After working for more than 10 years, today a code caught my eye, I am unable to understand the function name defined inside a function gets printed in the output/log without being passed as an argument in macro or being defined as a global variable. Please help me understanding the internal. Please see the screenshot for the reference.
/*...*/
#include <stdio.h>
#define x printf("%s", f);
int main() {
char *f = "MAIN";
printf("Hello World");
x;
return 0;
}
Output:
Hello WorldMAIN
>Solution :
C preprocessor macros simply do text replacement. They have no semantic awareness of your program.
This:
#include <stdio.h>
#define x printf("%s", f);
int main()
{
char* f = "MAIN";
printf ("Hello World");
x;
return 0;
}
Becomes:
#include <stdio.h>
int main()
{
char* f = "MAIN";
printf ("Hello World");
printf("%s", f);;
return 0;
}
Please note that if there is no f declared when this macro is used, you will see a compiler error. If f is declared, but is not a char *, you should see compiler warnings.

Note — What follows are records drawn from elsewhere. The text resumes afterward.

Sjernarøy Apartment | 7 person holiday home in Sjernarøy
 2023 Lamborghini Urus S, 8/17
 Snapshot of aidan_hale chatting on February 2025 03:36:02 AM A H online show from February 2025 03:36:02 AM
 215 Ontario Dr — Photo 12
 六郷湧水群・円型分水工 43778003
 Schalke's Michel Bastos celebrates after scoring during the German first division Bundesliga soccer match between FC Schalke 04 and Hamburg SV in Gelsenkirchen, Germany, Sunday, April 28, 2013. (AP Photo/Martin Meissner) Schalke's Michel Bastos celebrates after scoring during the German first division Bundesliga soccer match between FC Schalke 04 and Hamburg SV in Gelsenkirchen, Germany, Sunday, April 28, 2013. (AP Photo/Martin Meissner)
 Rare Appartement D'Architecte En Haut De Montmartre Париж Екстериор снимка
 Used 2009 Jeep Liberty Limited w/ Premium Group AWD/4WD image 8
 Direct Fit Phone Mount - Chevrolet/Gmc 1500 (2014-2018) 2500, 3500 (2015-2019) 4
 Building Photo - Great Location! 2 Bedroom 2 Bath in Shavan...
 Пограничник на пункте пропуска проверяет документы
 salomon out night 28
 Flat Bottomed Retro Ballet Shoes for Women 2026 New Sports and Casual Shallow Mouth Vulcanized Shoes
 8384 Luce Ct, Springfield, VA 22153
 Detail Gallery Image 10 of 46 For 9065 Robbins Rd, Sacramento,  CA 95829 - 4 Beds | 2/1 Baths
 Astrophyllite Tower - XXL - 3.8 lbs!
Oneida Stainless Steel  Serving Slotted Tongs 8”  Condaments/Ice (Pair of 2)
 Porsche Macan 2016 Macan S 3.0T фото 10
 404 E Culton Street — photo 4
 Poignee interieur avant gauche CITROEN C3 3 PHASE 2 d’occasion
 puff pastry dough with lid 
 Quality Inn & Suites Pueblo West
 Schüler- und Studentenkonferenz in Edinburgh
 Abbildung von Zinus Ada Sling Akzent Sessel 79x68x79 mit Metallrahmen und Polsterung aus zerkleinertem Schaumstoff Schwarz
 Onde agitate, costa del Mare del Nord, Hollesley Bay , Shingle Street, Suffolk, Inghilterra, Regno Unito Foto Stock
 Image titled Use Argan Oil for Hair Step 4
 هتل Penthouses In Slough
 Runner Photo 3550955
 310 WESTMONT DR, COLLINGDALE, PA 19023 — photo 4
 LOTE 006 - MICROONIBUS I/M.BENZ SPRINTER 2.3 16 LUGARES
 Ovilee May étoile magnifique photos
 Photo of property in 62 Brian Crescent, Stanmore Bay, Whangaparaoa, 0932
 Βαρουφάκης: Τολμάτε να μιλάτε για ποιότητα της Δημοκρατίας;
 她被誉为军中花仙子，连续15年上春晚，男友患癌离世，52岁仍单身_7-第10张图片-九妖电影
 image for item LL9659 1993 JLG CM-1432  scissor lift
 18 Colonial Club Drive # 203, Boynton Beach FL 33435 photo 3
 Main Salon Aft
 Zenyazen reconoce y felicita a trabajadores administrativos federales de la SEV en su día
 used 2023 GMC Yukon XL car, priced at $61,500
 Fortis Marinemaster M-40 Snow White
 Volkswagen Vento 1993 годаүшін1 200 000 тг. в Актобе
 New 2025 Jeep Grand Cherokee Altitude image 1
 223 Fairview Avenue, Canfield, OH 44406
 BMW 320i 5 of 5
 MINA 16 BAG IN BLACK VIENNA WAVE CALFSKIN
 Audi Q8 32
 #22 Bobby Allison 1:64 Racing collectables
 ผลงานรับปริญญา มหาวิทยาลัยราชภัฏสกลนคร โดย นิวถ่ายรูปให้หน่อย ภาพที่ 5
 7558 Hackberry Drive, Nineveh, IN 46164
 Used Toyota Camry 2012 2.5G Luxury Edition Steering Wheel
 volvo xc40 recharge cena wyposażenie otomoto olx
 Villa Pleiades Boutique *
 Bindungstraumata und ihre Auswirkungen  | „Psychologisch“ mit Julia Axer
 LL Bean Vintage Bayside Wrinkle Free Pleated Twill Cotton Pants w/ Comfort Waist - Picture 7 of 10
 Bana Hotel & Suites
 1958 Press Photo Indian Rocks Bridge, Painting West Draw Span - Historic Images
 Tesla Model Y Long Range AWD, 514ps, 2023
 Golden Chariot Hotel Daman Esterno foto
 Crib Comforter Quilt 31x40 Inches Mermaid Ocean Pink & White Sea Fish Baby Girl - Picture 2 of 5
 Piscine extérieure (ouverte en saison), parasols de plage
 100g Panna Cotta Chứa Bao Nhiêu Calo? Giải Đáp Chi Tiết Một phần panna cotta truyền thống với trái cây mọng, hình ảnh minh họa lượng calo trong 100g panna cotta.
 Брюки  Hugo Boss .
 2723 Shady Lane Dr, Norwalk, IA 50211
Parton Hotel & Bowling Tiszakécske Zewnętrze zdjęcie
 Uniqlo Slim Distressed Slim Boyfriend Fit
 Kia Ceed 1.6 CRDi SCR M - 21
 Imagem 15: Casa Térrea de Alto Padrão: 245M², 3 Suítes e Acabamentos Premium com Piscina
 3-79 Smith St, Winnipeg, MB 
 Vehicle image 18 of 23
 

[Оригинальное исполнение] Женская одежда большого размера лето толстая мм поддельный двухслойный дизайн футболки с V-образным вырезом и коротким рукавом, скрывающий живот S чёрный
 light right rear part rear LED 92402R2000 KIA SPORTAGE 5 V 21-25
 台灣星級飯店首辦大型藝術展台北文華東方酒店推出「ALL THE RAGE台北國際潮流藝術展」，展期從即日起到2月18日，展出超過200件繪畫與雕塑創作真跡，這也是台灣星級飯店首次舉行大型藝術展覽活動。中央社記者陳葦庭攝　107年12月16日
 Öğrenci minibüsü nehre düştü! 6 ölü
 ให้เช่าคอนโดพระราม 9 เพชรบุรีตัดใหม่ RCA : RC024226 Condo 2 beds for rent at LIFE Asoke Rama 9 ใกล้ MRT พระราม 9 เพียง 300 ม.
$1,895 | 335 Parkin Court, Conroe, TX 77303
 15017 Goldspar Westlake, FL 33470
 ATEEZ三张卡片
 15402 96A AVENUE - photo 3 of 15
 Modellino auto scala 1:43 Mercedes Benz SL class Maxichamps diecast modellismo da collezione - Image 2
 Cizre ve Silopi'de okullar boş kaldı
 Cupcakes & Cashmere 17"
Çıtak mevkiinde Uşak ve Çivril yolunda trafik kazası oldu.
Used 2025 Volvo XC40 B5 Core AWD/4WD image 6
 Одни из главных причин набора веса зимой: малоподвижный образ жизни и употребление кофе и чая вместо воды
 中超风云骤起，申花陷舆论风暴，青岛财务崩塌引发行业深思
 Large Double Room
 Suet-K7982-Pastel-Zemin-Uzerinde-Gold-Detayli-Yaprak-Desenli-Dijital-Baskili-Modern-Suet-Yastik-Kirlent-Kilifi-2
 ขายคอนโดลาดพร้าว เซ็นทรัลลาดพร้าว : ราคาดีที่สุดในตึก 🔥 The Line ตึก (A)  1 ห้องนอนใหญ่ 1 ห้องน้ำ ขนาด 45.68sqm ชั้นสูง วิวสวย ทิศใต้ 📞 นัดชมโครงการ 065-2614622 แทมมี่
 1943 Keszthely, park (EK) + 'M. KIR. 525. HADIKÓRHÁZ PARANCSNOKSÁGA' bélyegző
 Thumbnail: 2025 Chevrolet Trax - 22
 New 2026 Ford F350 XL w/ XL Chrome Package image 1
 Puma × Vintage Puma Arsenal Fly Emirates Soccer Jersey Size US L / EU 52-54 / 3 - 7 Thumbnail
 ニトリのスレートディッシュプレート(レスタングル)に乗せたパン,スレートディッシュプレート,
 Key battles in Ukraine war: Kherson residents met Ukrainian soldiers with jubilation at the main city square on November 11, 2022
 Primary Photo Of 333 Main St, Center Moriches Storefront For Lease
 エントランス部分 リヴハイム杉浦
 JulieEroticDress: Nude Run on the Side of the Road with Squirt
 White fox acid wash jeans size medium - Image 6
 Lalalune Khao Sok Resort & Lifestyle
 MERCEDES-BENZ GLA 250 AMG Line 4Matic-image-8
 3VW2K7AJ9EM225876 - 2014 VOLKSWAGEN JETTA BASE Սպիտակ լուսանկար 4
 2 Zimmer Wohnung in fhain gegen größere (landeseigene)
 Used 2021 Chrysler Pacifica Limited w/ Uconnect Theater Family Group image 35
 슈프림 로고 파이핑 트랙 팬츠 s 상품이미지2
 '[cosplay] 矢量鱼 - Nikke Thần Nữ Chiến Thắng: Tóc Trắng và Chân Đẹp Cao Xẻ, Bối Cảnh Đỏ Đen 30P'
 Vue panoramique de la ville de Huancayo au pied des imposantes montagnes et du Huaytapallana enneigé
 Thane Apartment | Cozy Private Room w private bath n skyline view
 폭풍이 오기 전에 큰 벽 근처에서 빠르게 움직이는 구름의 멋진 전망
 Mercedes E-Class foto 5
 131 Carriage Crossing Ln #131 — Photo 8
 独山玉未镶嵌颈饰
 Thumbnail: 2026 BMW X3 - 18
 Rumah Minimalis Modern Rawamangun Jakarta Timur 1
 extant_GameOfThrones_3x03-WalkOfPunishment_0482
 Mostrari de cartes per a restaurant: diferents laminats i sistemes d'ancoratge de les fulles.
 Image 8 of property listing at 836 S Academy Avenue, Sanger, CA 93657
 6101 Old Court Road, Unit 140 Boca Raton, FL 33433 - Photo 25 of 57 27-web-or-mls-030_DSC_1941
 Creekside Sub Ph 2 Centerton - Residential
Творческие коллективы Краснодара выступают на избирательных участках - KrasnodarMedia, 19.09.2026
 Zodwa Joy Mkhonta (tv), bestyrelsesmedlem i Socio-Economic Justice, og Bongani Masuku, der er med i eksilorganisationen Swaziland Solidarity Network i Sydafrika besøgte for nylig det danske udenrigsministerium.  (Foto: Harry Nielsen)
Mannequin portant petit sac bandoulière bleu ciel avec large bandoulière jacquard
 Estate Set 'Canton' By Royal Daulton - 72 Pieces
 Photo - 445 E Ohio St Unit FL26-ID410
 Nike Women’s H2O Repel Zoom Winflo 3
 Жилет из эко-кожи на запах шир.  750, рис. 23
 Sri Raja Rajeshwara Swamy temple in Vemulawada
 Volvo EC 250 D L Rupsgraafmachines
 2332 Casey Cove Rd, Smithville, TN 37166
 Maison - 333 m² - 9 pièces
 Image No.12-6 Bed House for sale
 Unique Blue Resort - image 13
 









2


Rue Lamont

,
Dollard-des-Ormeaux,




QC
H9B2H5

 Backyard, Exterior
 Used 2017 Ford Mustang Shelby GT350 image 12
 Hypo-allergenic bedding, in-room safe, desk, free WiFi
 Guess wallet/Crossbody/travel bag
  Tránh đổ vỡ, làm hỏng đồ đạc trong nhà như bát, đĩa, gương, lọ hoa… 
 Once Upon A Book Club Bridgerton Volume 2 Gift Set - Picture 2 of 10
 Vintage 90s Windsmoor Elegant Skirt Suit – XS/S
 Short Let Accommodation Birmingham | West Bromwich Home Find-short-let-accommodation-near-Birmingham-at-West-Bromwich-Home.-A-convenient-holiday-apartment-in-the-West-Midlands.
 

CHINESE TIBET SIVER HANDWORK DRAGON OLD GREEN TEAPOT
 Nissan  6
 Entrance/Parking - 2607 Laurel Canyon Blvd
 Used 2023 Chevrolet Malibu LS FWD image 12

Some preprocessor macro best practices include (but are not limited to) using capitalized names, as x by convention looks like a variable or function name; and being careful about what syntactically significant symbols (in this case ;) you include in your macro text.
Hopefully this example was done for the sake of learning, because it is wholly unnecessary. Preprocessor macros wouldn’t exist if they didn’t serve a purpose, but beware they can easily obfuscate code.